# prefabricated/kit homes



## Mr.Mario (Oct 3, 2012)

Hi all. 

Would appreciate any info or pointed in the right direction. 

Im looking for a couple company's in the prefab industry. 

Ive got land fairly large now I want to build something on it.

Thank you in advance  

Mario


----------



## Guest (Jan 17, 2013)

Mr.Mario said:


> Hi all.
> 
> Would appreciate any info or pointed in the right direction.
> 
> ...


I really doubt that exist in Cyprus. The just don't build that way


Anders


----------



## Mr.Mario (Oct 3, 2012)

Vegaanders said:


> I really doubt that exist in Cyprus. The just don't build that way
> 
> Anders


Would you know any developer's websiyes that might help ?


----------



## kimonas (Jul 19, 2008)

We successfully had a house built on our land by a Bulgarian company that shipped over the kit house in three containers and constructed it in 40 working days. There have been some discussions about this on previous threads.

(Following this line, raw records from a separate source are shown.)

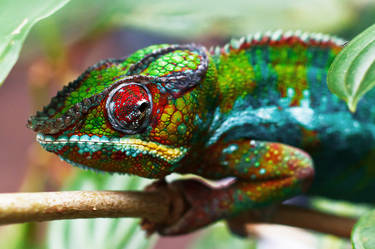 Colorful Chameleon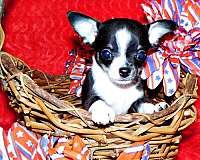 mixed-chihuahua-puppy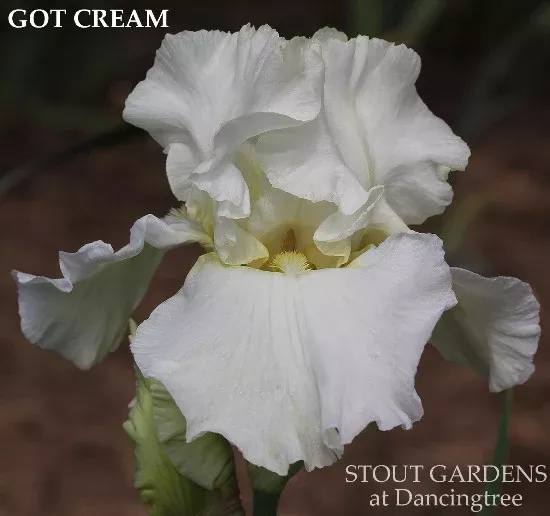 iris-got-cream Iris Got Cream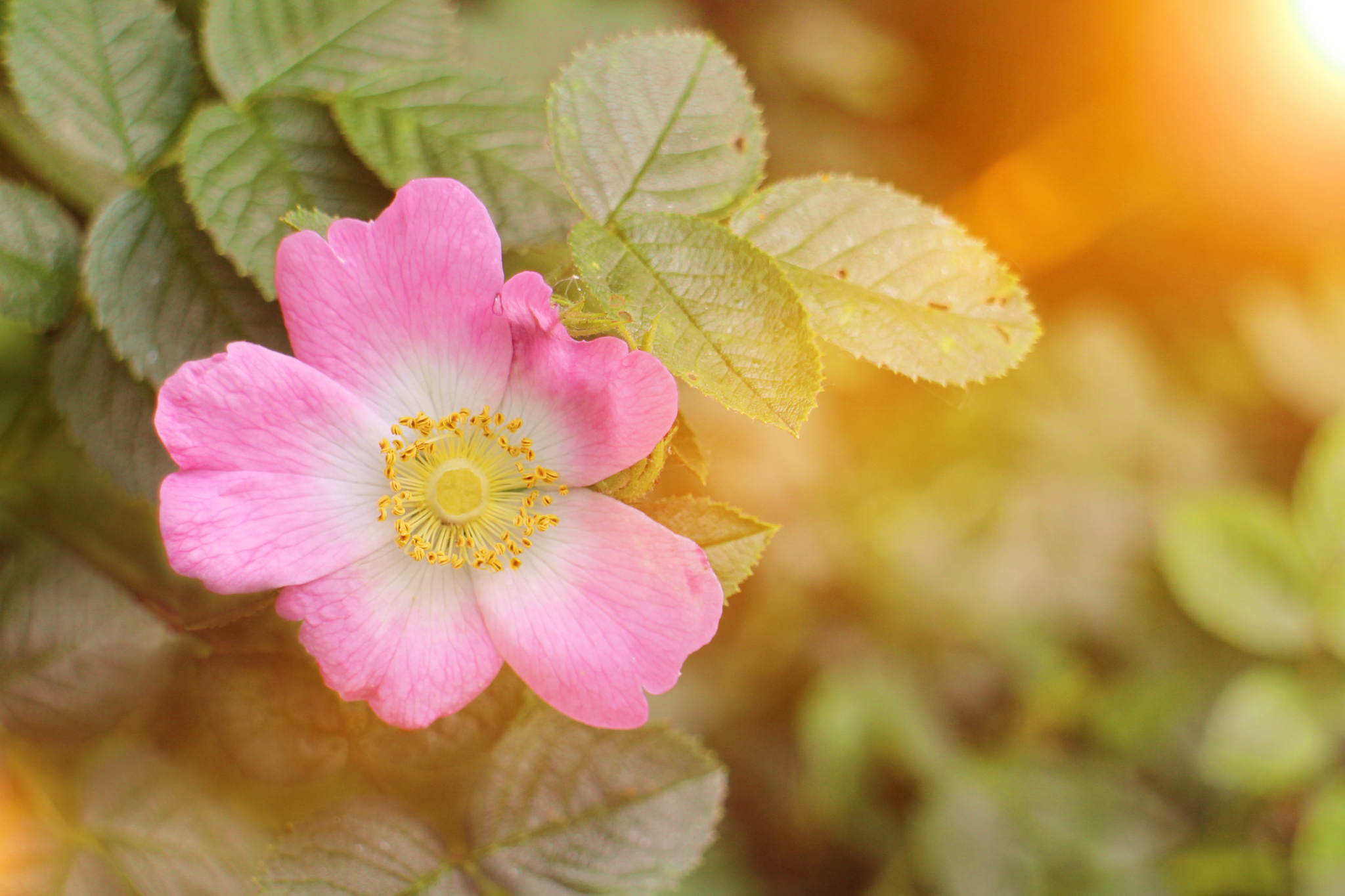 Wildrose 14209918557 o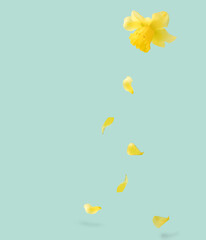 Yellow flower narcissus with petals falling on a pastel green background.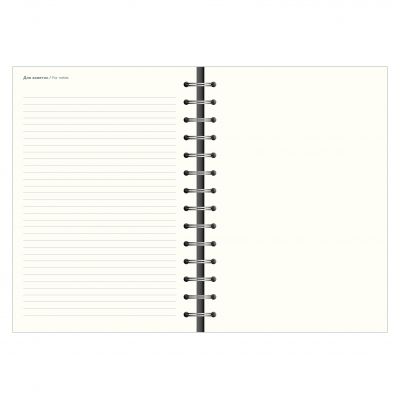 Ежедневник датированный 2024 А5  -6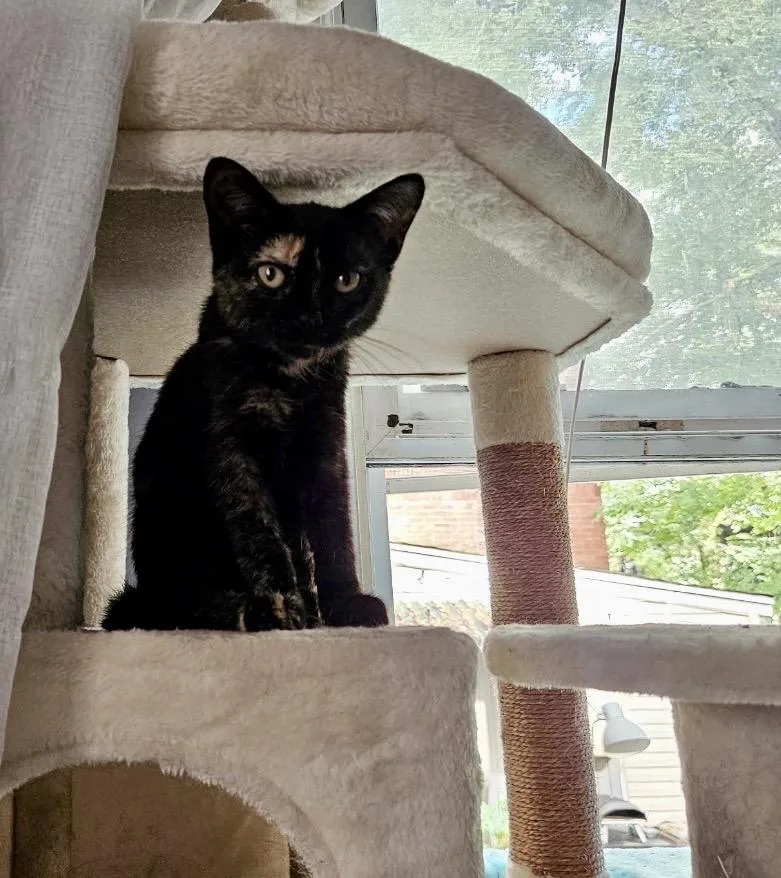 A baby medium-sized female Domestic Short Hair cat named Chai Latte for adoption in Nutley, NJ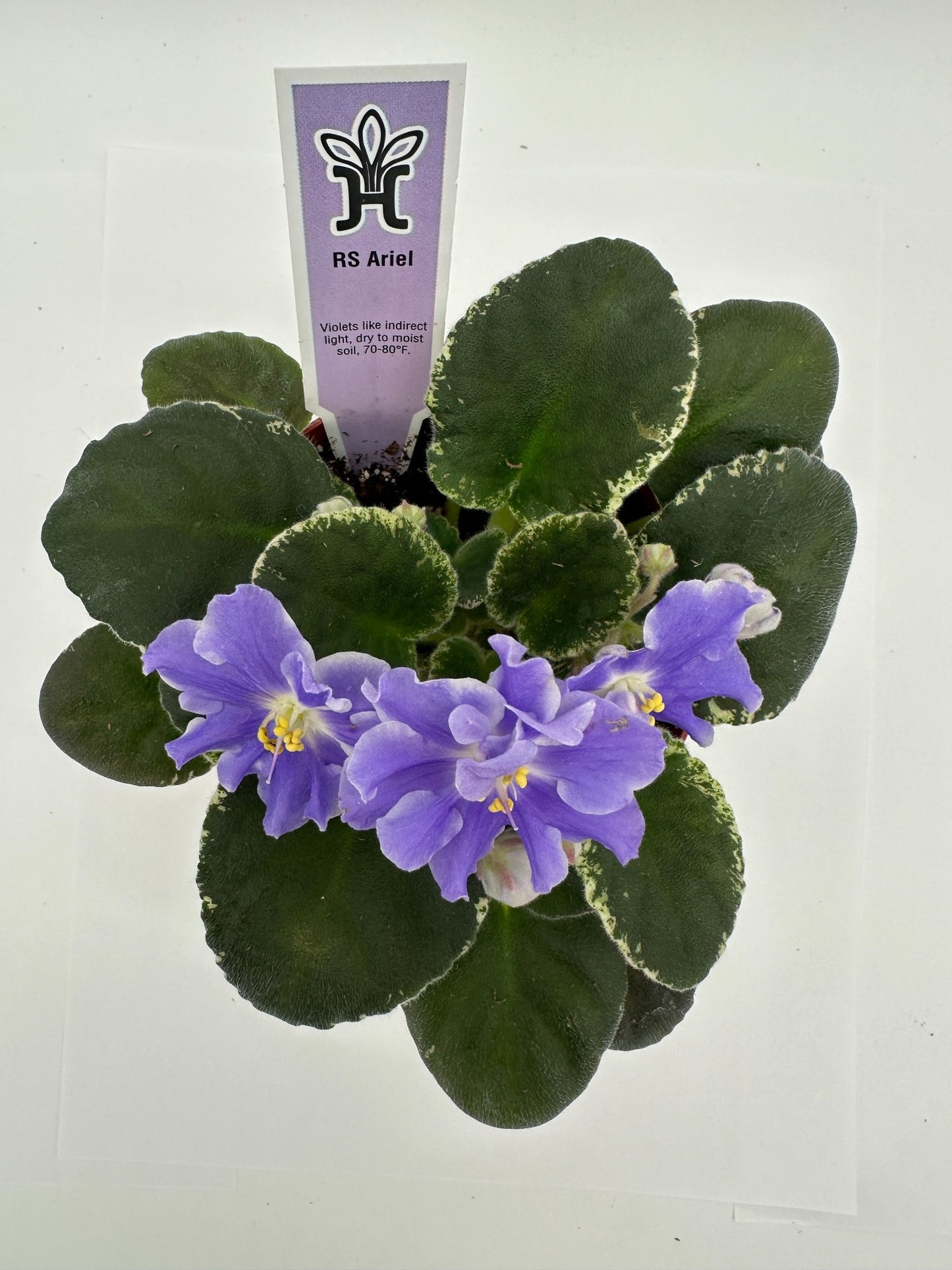RS Ariel - Live African Violet 4"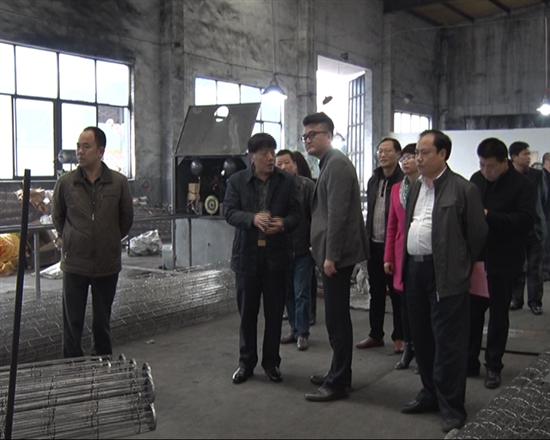 株洲县政协调研非公经济发展情况
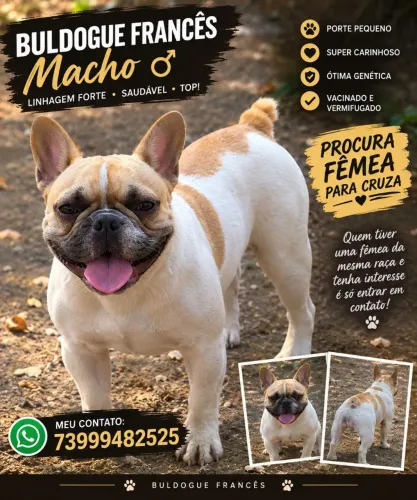 Procura se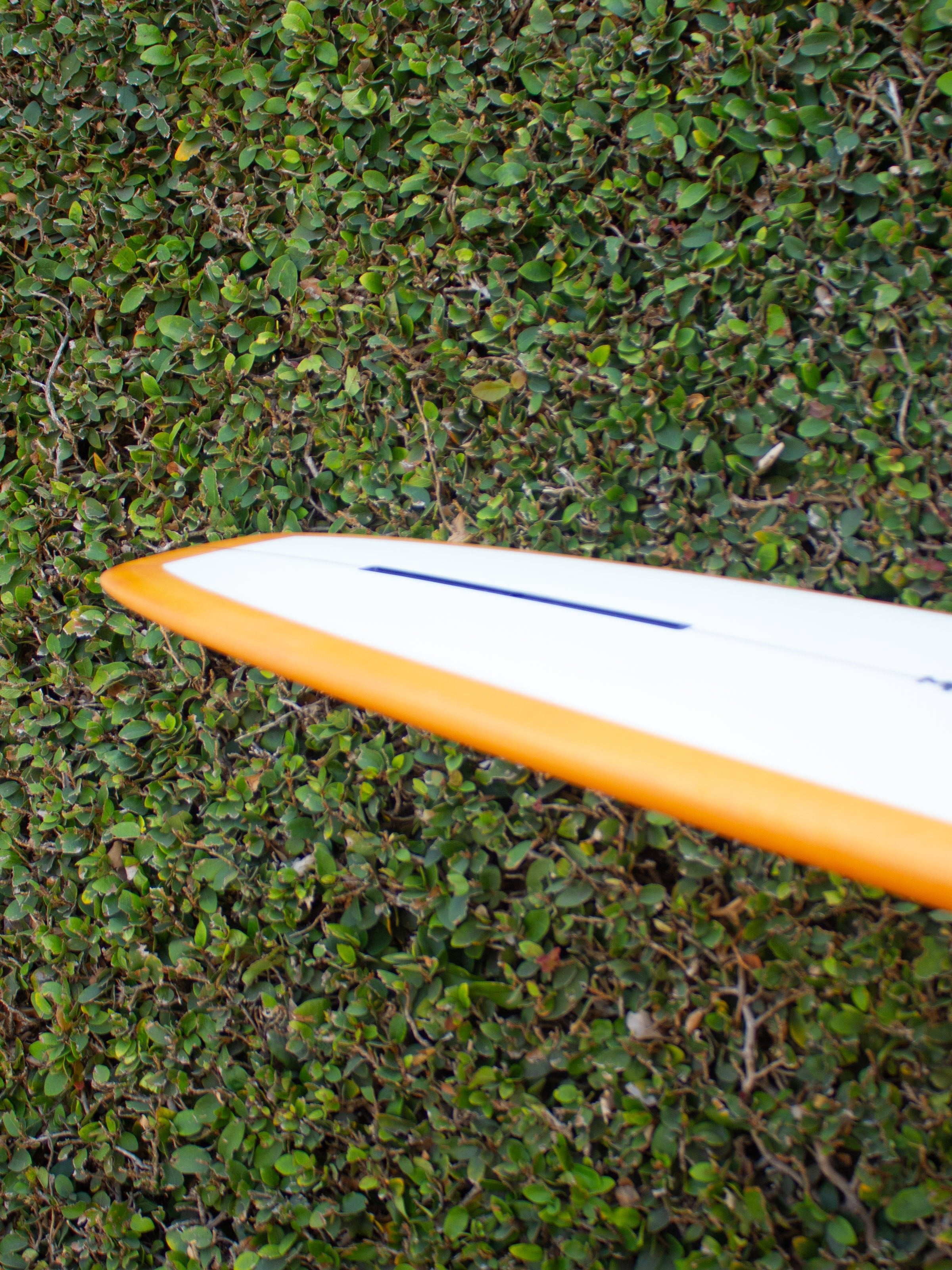 9'6 MPE Ruler - Mollusk Surf Shop - description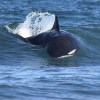Imagen de Las orcas siguen dando espectáculo en el Camino de la Costa: cazan y juegan a metros de la playa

There is quite a lot of ground work to be done, not least provision of services, electricity, water and complying with building regs for the zone in which your land is situated and of course complying with the regulations regarding access (the land has to be fronted by a recognised road - and if this does not exist you'll need to apply and get such a road constructed). All these issues can mount up to quite a hefty commitment.


----------



## Pam n Dave (Jun 11, 2007)

I believe that there are some timber framed properties in Kathikas, but I'm not sure if they are prefabricated. Some concrete prefabricated buildings have been erected near Tsada and in Goudi.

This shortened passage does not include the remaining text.